# Red Spray Painting Equipment



## MontanaResident (Jun 22, 2014)

Nearly lost my big mallet this morning. Bad enough having to buy a new one, but I wasn't done with my mornings work yet.

All the equipment that I've found and now nearly lost was worn flat black. I'm now spray painting my chain, mallet and pry bar, and maybe my axe in Krylon Banner Red. Very frustrating searching and searching a small area for a rather large piece of equipment.


----------



## Menchhofer (Jun 22, 2014)

MontanaResident said:


> Nearly lost my big mallet this morning. Bad enough having to buy a new one, but I wasn't done with my mornings work yet.
> 
> All the equipment that I've found and now nearly lost was worn flat black. I'm now spray painting my chain, mallet and pry bar, and maybe my axe in Krylon Banner Red. Very frustrating searching and searching a small area for a rather large piece of equipment.

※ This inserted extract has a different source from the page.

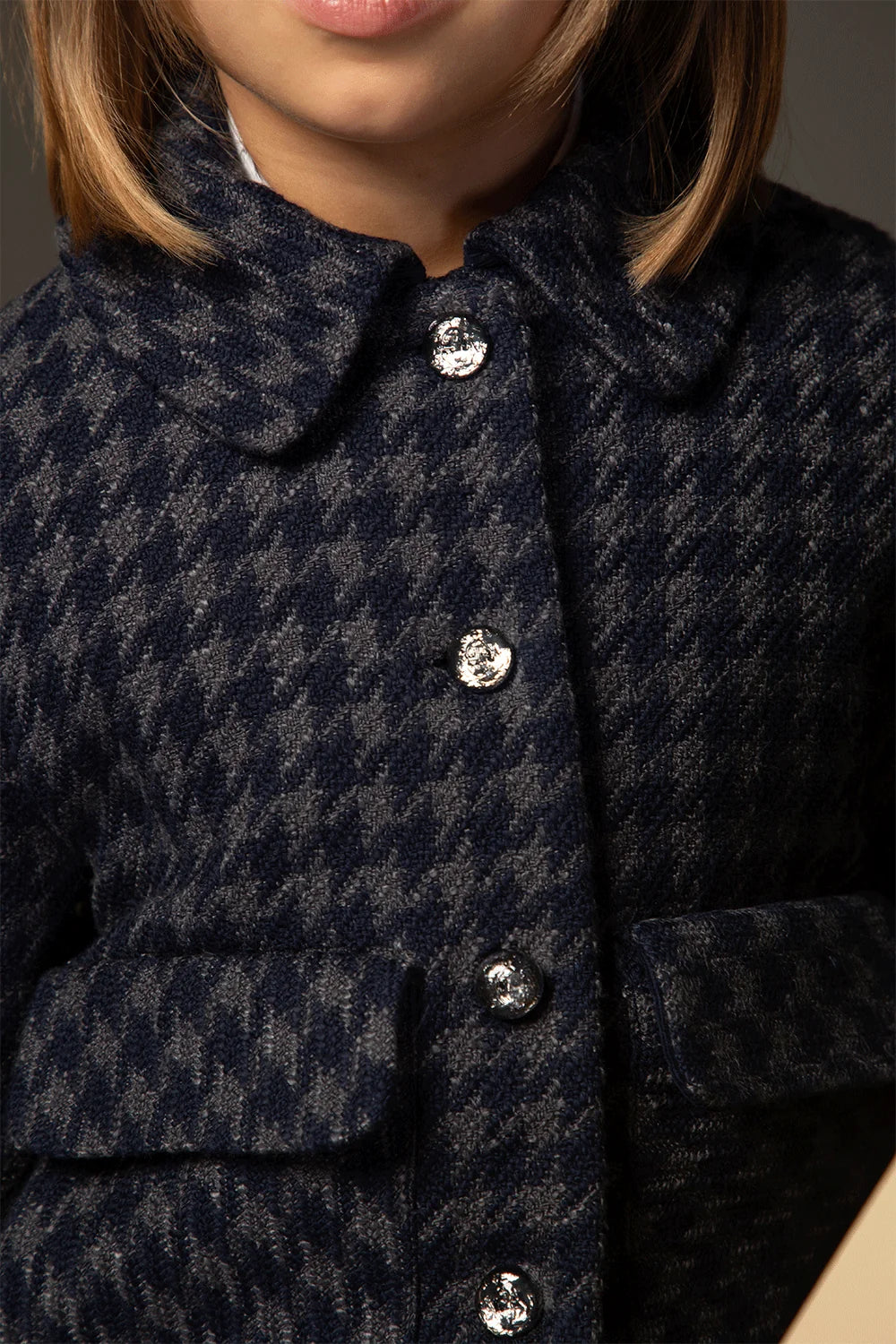 Elegant navy and grey tweed jacket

My dad always painted his outside hand tools with red on the handle. So naturally I have done it for years. Really helps in locating.


----------



## AuerX (Jun 22, 2014)

Nice.

I used fluorescent Gaffers Tape on a lot of my tools when I was a stagehand/rigger a million years ago.

Made them recognizable in a busy environment for sure plus real gaffers tape leaves no residue and is nice to grip.

http://www.amazon.com/Polyken-510-N...d_sim_p_2?ie=UTF8&refRID=12NFPN2CAD4BCAK592QZ


----------



## Dilly (Jun 23, 2014)

I paint my axe heads red and use reflective tape on my saws not just for finding them but it makes them unique so no one will walk away with them


Sent from the international space station


----------